We eventually came across two dreadlock-laden, cargo-pant-and-Doc-Martens-wearing men stood next to a makeshift roadblock, and deduced that we had arrived at our destination. After a friendly exchange in broken English, in we went, not quite knowing what to expect…
With the backdrop of a disused, half demolished shipping office, we were greeted by an explosion of fire and sound. A man on stilts gathered a crowd around what I can only describe as a fire cannon band. Bedecked in tin armour and playing homemade instruments of metal, they proceeded to create the most unusual sounding, yet thoroughly enjoyable music. The fire cannons made differently pitched sounds each time they were set off, and formed the baseline whilst plumes of flame shot meters into the cold night air. The drummer’s kit was rigged up to yet more fire cannons, which exploded with each beat he played and did an excellent job of keeping everyone warm. Red faced and sweaty-browed by the end of their set, and leaving the stilted man atop a two storey robotic hand (which was created by the squatters, many of whom are artists and engineers), we sloped off to see what other surprises lay in wait.
As we wandered through the squatters’ plot, the resourcefulness and creativity of this particular group of people became ever more clear. We stumbled upon numerous artworks made from scrap metal and wood, large in scale and incredibly intricate and beautiful; tree houses in woodland clearings that played host to acoustic bands; upturned ships, half-buried in the land, used as pop-up bars for the occasion, and an old bus that had been folded out to create a main stage, complete with light show. The whole site was clearly well maintained, with an eco-friendly, sustainable lifestyle apparently being enthusiastically adopted.

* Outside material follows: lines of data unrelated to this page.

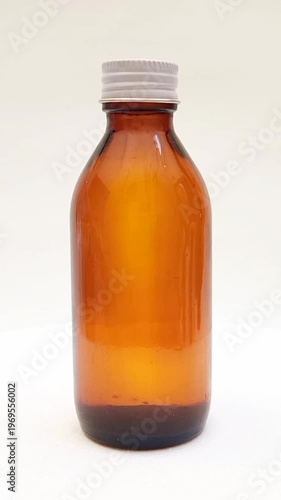 Amber glass bottle with cap rotating on white background, brown glass bottle for pharmaceuticals, syrups, essential oils, and cosmetics, vertical clip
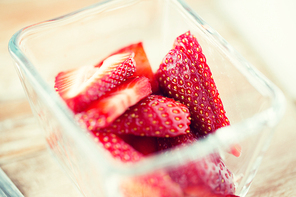 fruits, berries, diet, eco food and objects concept - juicy fresh ripe red strawberries in glass bowl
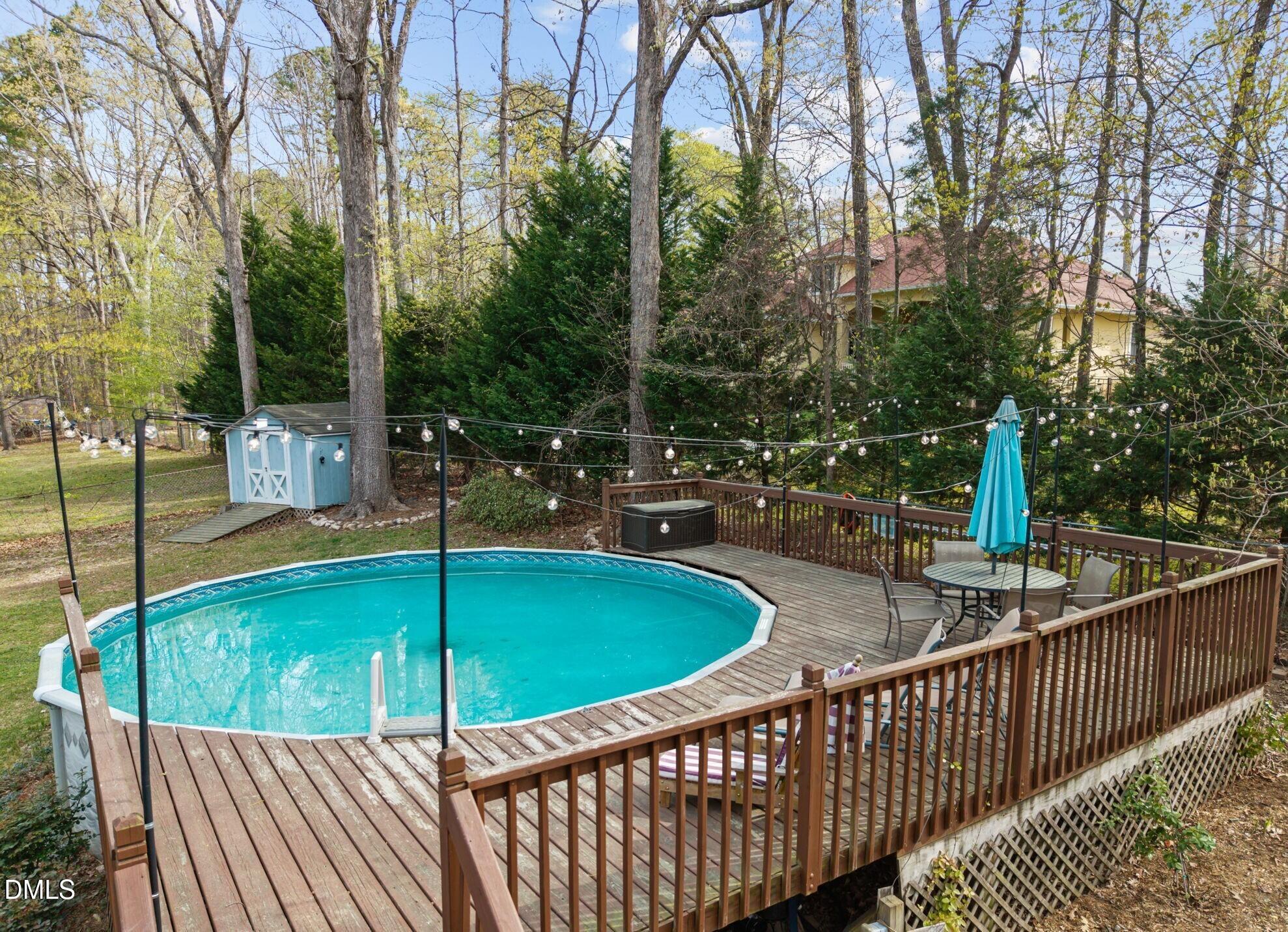 212 Esquire Lane Cary, NC 27513 - Photo 23 of 31 a view of a swimming pool with a patio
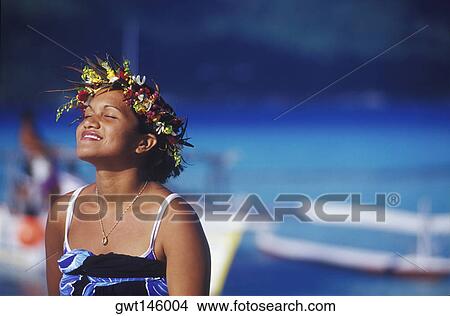 Close-up of a young woman wearing a laurel wreath, Hawaii, USA View Large Photo Image Picture - Close-up of a young woman wearing a laurel wreath, Hawaii, USA. Fotosearch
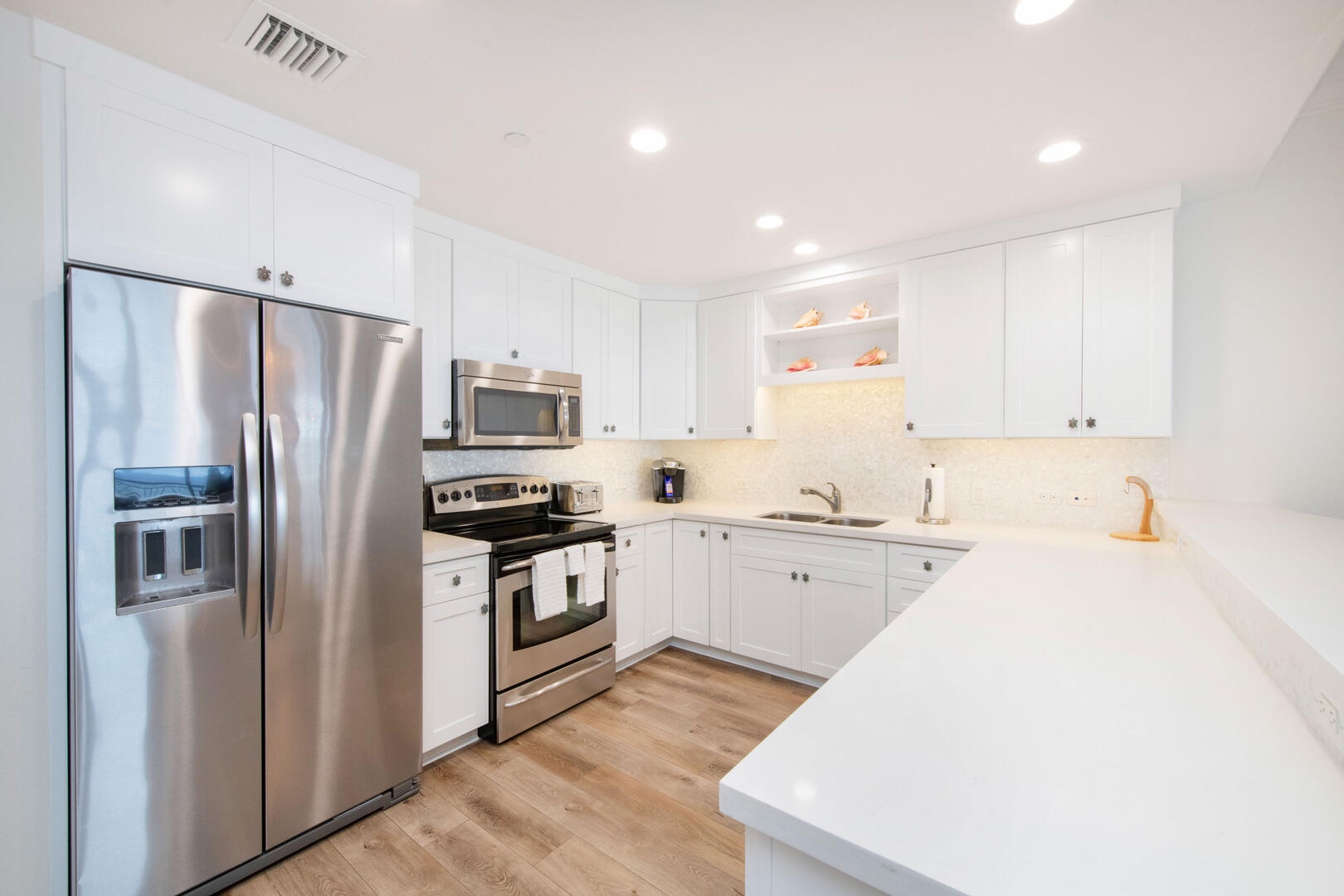 Full kitchen with modern appliances.
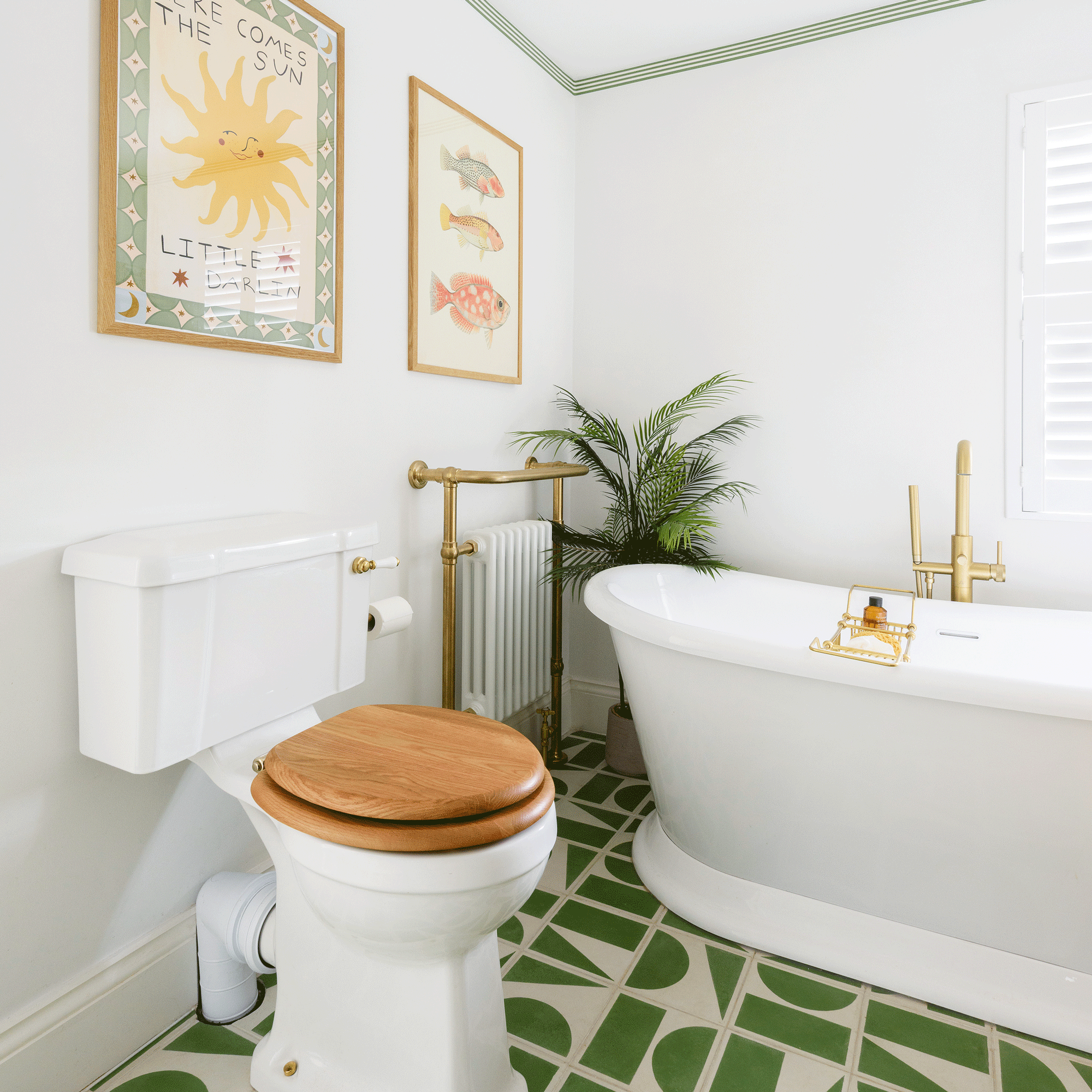 a white bathroom with green and cream tiled patterned flooring with a loo, freestanding bath and radiator with towel rail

I went into this night not having a clue what to expect, and what a night it turned out to be. The atmosphere was so collaborative, relaxed and enjoyable, and the people I met were incredibly friendly and passionate about their respective crafts and united way of life. It’s such a shame that such a peaceful, environmentally friendly group of highly skilled, creative people could potentially be forced to end the dream they’re living. If you want to sign the petition against this, you can do so here.
The next day, my journey of cultural discovery continued. We hopped onto the ferry to take a short trip across to North Amsterdam, another disused shipping yard that’s now a haven for artists and makers.
Once we set foot on dry land, we headed straight over to some graffiti-strewn warehouses and shipping containers to ogle the bright colours and myriad styles of street art. It was great to see work on this scale, which is replaced every few weeks by the next batch of artists. Whilst we were wandering, we happened to find the door to one of the warehouses unlocked… In we went!
Once inside, the warehouse was surprisingly light – and filled with art! Shipping containers piled high were strewn with connecting walkways, creating what the artists and designers in residence have dubbed ‘Art City’. It holds a mixture of freelance working space, open artist studios and business office space, and must be an inspiring place to work – there were art installations around every corner!
After all the excitement of the art city, it was sadly time for me to head back towards the airport. But, being in Amsterdam, I of course managed to squeeze in a farewell drink with my brother.
Tucked away in a side alley just off Dam Square is the Wijnand Fockink. Established in 1679, this small, dark wooden pub has brewed its own Jenever – a traditional Dutch spirit, much like gin – since its opening day. With the guidance of very helpful staff, we were given a complimentary historical tasting tour of the five types of Jenevre available, and allowed to try some of the 30+ fruit liqueurs before deciding which one (or two… or three…) to drink. Due to the proof, shots are for sipping, not knocking back, and as they’re filled right to the brim it’s traditional to take the first sip from the bar to avoid spillage.
All too soon, I was feeling fuzzy and warm and it was time to trip off and catch my flight. My weekend trip to Amsterdam left me tired, happy, and having seen a side to the city that I’ve never experienced before. I can’t wait for my next cultural adventure!